[Data items]
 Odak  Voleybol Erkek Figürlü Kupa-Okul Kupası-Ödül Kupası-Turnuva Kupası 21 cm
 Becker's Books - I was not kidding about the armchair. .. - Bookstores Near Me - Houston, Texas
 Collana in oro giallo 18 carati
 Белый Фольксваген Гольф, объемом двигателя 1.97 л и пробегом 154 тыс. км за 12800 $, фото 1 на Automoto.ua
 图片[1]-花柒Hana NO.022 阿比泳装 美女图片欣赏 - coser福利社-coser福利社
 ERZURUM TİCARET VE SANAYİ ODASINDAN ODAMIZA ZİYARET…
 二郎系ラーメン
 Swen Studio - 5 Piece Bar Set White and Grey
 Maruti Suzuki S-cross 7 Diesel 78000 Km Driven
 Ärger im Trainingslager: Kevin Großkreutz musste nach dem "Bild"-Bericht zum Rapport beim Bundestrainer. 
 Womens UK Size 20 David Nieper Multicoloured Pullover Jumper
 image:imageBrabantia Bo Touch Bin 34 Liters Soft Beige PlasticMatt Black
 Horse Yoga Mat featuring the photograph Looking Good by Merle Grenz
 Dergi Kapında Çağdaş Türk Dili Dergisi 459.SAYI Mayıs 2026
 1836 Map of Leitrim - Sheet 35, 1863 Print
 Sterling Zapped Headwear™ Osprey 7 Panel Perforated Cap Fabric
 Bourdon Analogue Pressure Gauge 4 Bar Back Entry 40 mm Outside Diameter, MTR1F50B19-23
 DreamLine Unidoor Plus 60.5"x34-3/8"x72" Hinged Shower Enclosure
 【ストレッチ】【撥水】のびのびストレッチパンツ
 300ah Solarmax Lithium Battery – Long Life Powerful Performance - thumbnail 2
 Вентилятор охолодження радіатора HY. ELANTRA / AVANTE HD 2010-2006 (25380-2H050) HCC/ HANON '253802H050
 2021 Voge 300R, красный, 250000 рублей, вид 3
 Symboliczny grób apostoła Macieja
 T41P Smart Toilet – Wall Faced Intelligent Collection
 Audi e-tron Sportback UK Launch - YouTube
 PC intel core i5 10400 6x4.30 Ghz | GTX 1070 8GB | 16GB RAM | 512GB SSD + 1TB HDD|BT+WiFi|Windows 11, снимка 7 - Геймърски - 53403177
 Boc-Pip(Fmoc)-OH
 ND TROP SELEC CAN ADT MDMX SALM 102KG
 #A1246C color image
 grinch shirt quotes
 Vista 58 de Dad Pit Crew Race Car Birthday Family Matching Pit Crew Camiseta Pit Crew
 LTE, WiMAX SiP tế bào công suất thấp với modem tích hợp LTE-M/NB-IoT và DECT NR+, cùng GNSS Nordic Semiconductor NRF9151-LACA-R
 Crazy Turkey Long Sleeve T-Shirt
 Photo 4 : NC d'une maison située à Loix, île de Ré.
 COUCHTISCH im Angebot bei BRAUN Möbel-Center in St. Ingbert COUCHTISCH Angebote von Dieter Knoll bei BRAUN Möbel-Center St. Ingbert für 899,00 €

Task to complete:
Report, from the entries above, each line where "image" is found.

Solved problem:
 image:imageBrabantia Bo Touch Bin 34 Liters Soft Beige PlasticMatt Black
 #A1246C color image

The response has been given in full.